Uma das propriedades é um terreno de 400 metros quadrados localizado em Poá - comprado em 2011 por R$ 50 mil. Segundo os autos, o preço de aquisição do terreno é inferior ao estimado, que à época era de R$ 59.982,08.

Já o segundo imóvel é uma casa no Guarujá adquirida em 2012 por R$ 250 mil. O preço de aquisição declarado para fins de registro também é inferior ao valor venal da casa, de R$ 344.236,84.

Ao analisar o caso, o juiz João Walter Cotrim Machado indicou que Jorge Abissamra responde a diversas ações civis por atos de improbidade e a ações penais por fraudes em licitações por crimes e ilegalidades praticados durante seu mandato como prefeito de Ferraz de Vasconcelos.

"Ao que tudo indica, o malbaratamento e desvio de recursos públicos foi uma constante durante o mandato do réu, o que fica corroborado pela incompatível evolução de seu patrimônio no período (com uso de terceiros para ocultação de patrimônio, dentre eles os próprios filhos dos réu)", sentenciou o magistrado.

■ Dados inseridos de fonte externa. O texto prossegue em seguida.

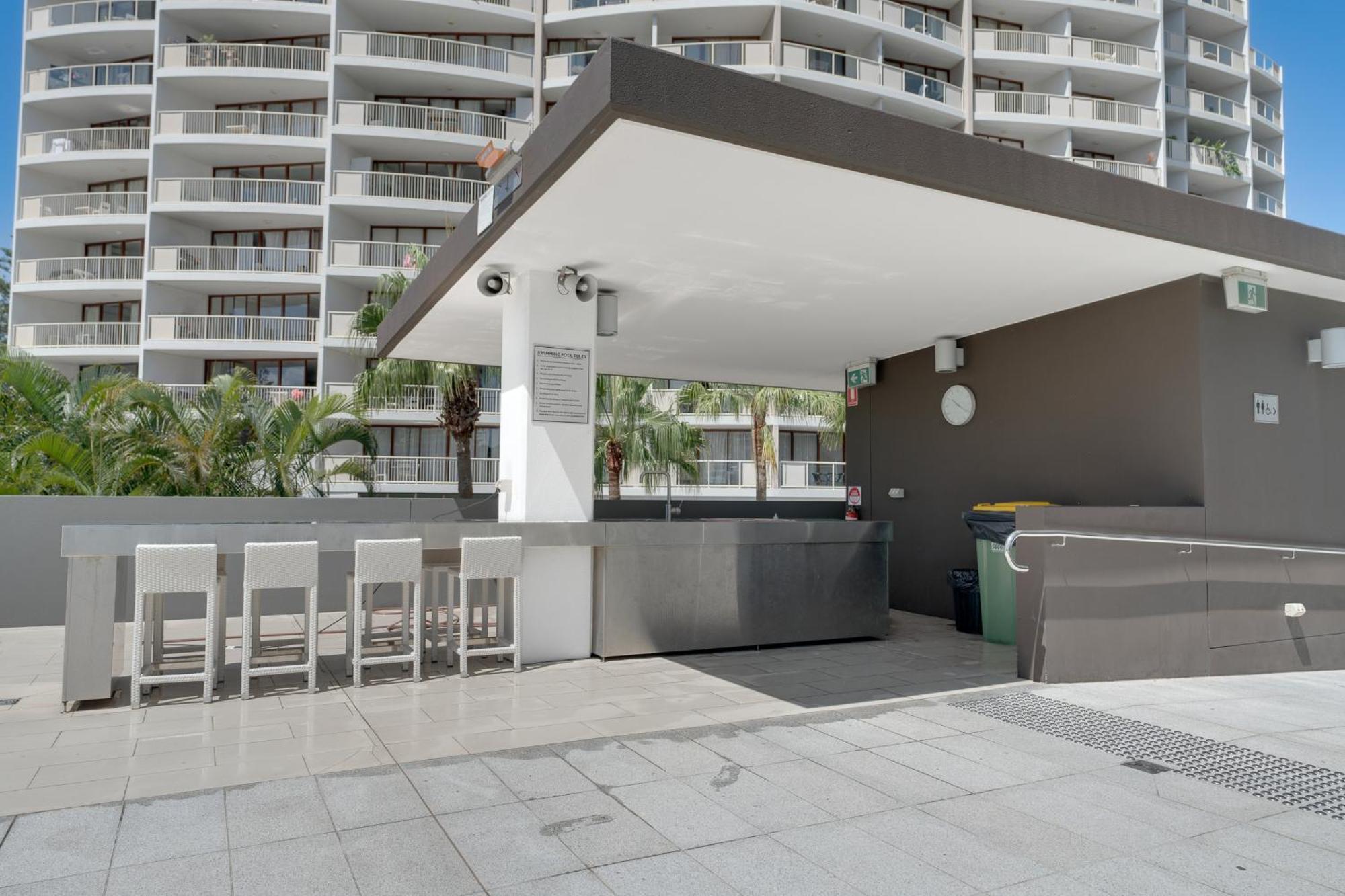 Luxury 2-br Penthouse With Stunning Ocean Views Gold Coast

Machado entendeu que tais imputações, somadas à "ligação pessoal e profissional" entre Priscila e Abissamra e às movimentações incompatíveis com a renda lícita declarada por ambos conferiam verossimilhança à alegação de que os imóveis foram comprados a partir de desvio de recursos públicos e com uso da Priscila como "laranja".

"E a forma e preço de aquisição dos imóveis tornam certa a prática de ato de improbidade gerador de enriquecimento ilícito pelos réus, mormente considerando que não comprovaram renda licitamente adquirida para compra dos bens", acrescentou o juiz.

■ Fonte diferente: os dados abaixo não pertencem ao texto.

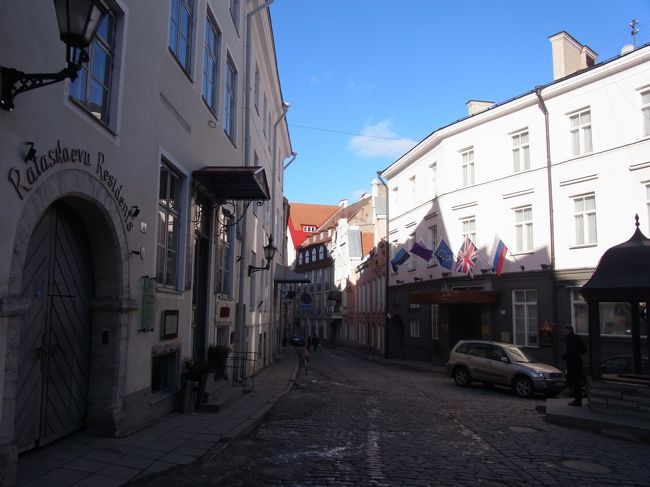 上のレストランの前の通り。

Segundo Machado, ficou evidenciado que Priscila e Abissamra, "por conduta comissiva e com dolo conjunto, perceberam vantagem patrimonial ilícita, ampliando seu patrimônio a partir de desvio de recursos públicos". O magistrado destacou que a compra dos imóveis se deu em prejuízo do patrimônio público.

Além da perda dos imóveis em favor do município de Ferraz de Vasconcelos, o ex-prefeito e Priscila tiveram a perda de função pública determinada - se ainda estiverem ocupando cargo público -, assim como os direitos políticos suspensos por oito anos. Também ficam proibidos de contratar com o Poder Público por dez anos.

Abissamra e Priscila terão de pagar multa correspondente ao valor do acréscimo patrimonial - no caso do ex-prefeito, o valor integral, e no caso da ex-secretária, 1/3 do montante. Ambos podem recorrer da sentença de primeira instância.